I go to the island. I've never really made money any other way besides selling my stuff on here, which has actually turned out to be kind of a bad thing cause TBT has taken priority over in-game bells haha.


----------



## ChibiLion (Apr 8, 2016)

I usually like to sell all the fruit from the various fruit trees planted around my town @_@ it takes quite a while, but I guess I get a nice amount of money from it, I usually hit the money rocks too! Because those are fun :3
I also just sell the fossils I don't need and random stuff I find to retail daily... (Like the stuff my villagers give _back_ to me )


----------



## Awesomeness1230 (Apr 8, 2016)

dudeabides said:


> I don't go to the island very often, once a month maybe.  I get all the bells I need from hitting rocks and selling things I find in town.



Same for me, but if this is in the long term, all my bells are made on this site


----------



## illuminati (Apr 18, 2016)

I do rare beetle catching and fossil selling (after I fill the museum, of course.) But my favorite actually has to be the stalk market. I think it's super cute and I've gotten it down to where I can predict the patterns for the following week based on the last. Plus, it's more efficient and less time consuming, in my opinion! I spend quite a while catching beetles just for 200,000 while I could spend 500k on turnips and get back 1mil if it's a good week.


----------



## hollowbunnie (Apr 18, 2016)

the fastest way for me would be just go to the island to catch beetles and sharks. thats it. if i do about 2 trips a day i can end up making 500,000 bells in about 90 minutes.


----------



## Chris01 (Apr 19, 2016)

Island and fishing and fossils


----------



## Braixen (Apr 20, 2016)

I mainly make large amounts of bells off of beetle/shark hunting on the island ;u;
Since I have a lot of fruit trees in my village, I'll occasionally do a huge harvest if I'm in a pinch, however.


----------



## kazaf (Apr 20, 2016)

The easiest fastest way for me would be just go to the island to catch beetles and sharks. 

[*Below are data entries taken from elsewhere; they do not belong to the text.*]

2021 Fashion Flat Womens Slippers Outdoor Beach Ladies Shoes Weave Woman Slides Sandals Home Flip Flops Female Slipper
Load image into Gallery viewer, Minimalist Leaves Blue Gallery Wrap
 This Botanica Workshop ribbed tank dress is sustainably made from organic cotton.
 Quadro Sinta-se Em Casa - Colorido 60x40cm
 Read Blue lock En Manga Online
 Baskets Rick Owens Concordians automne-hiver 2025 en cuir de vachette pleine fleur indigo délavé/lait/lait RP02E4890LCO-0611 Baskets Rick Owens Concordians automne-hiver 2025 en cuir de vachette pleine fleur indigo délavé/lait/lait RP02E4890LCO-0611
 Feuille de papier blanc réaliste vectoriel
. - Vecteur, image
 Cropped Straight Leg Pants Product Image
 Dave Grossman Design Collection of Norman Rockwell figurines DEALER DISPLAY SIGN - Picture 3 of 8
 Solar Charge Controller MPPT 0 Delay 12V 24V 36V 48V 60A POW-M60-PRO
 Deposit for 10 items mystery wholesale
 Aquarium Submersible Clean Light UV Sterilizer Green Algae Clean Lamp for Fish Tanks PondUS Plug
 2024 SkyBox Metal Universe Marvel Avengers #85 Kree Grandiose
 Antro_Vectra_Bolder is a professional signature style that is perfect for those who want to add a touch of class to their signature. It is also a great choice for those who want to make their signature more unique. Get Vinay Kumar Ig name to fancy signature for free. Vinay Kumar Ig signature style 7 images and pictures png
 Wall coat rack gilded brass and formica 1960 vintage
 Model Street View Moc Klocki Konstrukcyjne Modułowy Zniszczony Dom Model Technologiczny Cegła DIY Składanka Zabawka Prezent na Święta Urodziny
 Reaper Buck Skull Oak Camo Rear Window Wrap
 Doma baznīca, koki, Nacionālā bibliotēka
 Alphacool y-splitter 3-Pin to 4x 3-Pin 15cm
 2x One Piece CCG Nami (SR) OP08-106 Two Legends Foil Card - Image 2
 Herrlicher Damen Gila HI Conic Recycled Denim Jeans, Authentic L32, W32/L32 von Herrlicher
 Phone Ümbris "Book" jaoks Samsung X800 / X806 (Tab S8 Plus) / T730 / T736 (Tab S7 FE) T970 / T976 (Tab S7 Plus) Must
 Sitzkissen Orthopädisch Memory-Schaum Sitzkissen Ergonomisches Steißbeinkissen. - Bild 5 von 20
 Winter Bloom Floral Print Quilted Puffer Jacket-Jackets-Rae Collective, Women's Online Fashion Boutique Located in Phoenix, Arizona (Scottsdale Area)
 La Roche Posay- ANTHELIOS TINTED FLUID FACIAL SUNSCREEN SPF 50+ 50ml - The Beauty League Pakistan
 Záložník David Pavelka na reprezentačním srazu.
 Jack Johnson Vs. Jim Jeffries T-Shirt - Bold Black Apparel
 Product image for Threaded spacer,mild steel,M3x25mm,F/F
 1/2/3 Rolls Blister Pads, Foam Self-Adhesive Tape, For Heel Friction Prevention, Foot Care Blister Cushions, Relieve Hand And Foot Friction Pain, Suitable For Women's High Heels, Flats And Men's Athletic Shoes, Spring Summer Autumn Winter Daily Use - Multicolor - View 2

Each trip can land about 400-500,000 bells and I can watch TV while I do it.  ^^

Just waiting for the spawns takes time. I cleared everything in the middle and just wait for the beetles from the palm trees.  Fish occasionally when I see a fish fin. That's it.


----------



## mitzi_crossing (Apr 20, 2016)

In New Leaf I use the island primarily to make bells. In other AC games I mostly sell fruits and fossils.


----------



## Seroja (Apr 25, 2016)

Beetle farming and shark-fishing on the island. I can make a few millions in a night because I was thirsty for bells.


----------



## Bowie (Apr 25, 2016)

Just messing around on the island. Going to Club Tortimer can make the experience even more pleasurable and fun!


----------



## Solus (Apr 25, 2016)

I prefer selling fruit, fossils, buried stuff and old junk. I just love it when I magically earn a million just from selling things.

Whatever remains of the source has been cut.